[Saved entries]
###

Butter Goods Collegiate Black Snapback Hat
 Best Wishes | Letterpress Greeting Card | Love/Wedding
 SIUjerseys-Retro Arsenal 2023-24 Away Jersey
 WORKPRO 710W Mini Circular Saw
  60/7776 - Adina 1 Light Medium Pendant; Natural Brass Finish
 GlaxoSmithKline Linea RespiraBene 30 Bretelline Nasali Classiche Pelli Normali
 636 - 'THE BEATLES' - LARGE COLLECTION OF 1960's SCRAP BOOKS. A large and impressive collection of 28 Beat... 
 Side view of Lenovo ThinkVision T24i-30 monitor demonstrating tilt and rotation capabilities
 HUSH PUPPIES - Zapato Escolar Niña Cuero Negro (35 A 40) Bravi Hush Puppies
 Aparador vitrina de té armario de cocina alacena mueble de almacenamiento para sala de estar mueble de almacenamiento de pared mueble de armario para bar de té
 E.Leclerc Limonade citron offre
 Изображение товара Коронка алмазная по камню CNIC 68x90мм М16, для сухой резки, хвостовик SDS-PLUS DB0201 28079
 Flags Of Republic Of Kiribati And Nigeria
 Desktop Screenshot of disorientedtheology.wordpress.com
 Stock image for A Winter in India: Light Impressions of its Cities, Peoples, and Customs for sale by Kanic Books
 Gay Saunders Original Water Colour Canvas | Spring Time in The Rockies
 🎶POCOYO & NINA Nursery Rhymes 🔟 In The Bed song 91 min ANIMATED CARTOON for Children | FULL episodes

###

**Directions**
Going back to the entries above, set down exactly the lines that begin at the one with "HUSH PUPPIES - Zapato" and end at the one with "Desktop Screenshot of", both included, and nothing else.

**Answer section**
 HUSH PUPPIES - Zapato Escolar Niña Cuero Negro (35 A 40) Bravi Hush Puppies
 Aparador vitrina de té armario de cocina alacena mueble de almacenamiento para sala de estar mueble de almacenamiento de pared mueble de armario para bar de té
 E.Leclerc Limonade citron offre
 Изображение товара Коронка алмазная по камню CNIC 68x90мм М16, для сухой резки, хвостовик SDS-PLUS DB0201 28079
 Flags Of Republic Of Kiribati And Nigeria
 Desktop Screenshot of disorientedtheology.wordpress.com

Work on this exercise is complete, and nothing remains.